#### WORK REQUEST:
Below is a listing; write it out exactly and drop any images from it.

#### SUPPLIED MATERIAL:

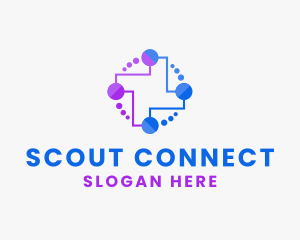 Colorful Team Network logo design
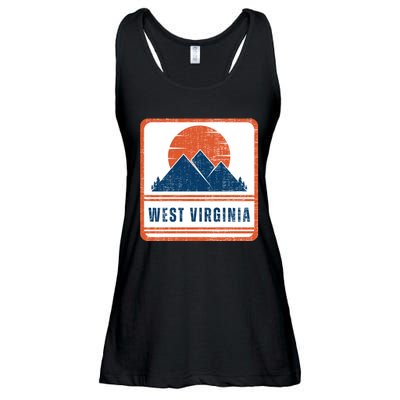 Retro Vintage West Virginia USA Mountain Gift For Men Ladies Essential Flowy Tank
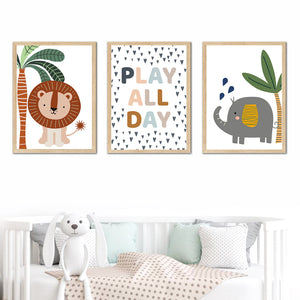 Jungle Play Time Nursery Decor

#### ANSWER BELOW:
 Colorful Team Network logo design
 Retro Vintage West Virginia USA Mountain Gift For Men Ladies Essential Flowy Tank
 Jungle Play Time Nursery Decor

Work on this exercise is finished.